Implementing this problem on your computer package shows that the optimal solution is U1 = $7/3 and U2 = $1/3 with the optimal value of $110 (the amount the Carpenter expects to receive). This ensures that the Carpenter can manage his life smoothly. The only cost is the premium that the insurance company will charge.
Shadow Price Unit of Measure: Notice that the unit of measure of the RHS shadow price is the unit of measure of the primal objective divided by the unit measure of the RHS. For example for the Carpenters problem, U1 = [$/week] / hours/week] = $/hour. Thus
U1 = 7/3 $/hour, and U2 = 1/3 $/unit of raw material.
As you can see, the insurance company problem is closely related to the original problem.

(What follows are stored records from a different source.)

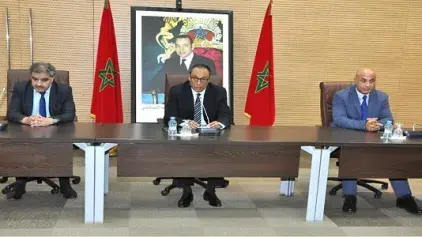 M. Amara préside une réunion concernant le secteur de l’eau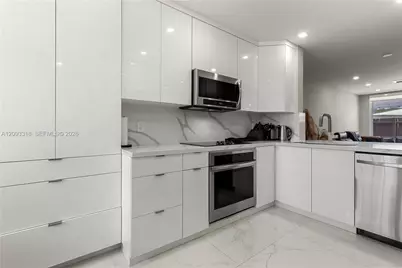 801 NE 1st St #9, Fort Lauderdale, FL 33301 - Photo 7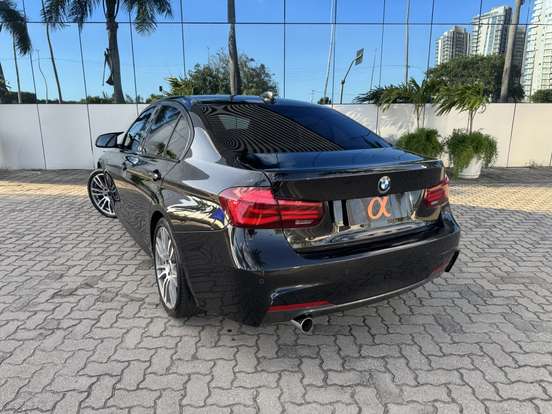 BMW-320i-2018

In OR/MS/DS modeling terminology, the original problem is called the Primal Problem while the related problem is called its Dual Problem.
In the Carpenter's Problem and its Dual Problem, the Optimal Value for both problems is always the same. This fact is referred to as Equilibrium (taken from the complementarily theory, equilibrium of economical systems, and efficiency in Pareto's sense) between the Primal and the Dual Problems. Therefore, there is no duality gap in linear programming.
Managerial Round-off Errors: You must be careful whenever you round the value of shadow prices. For example, the shadow price of the resource constraint in the above problem is 8/3; therefore, if you wish to buy more of this resource, you should not pay more than $2.66. Whenever you want to sell any unit of this resource, you should not sell it at a price below $2.67.
A similar error might occur whenever you round the limits on the sensitivity ranges. One must be careful because the upper limit and lower limit must be rounded down and up, respectively.
Computation of Shadow Prices: You know by now that the shadow prices are the solution to the dual problem. Here is a numerical example.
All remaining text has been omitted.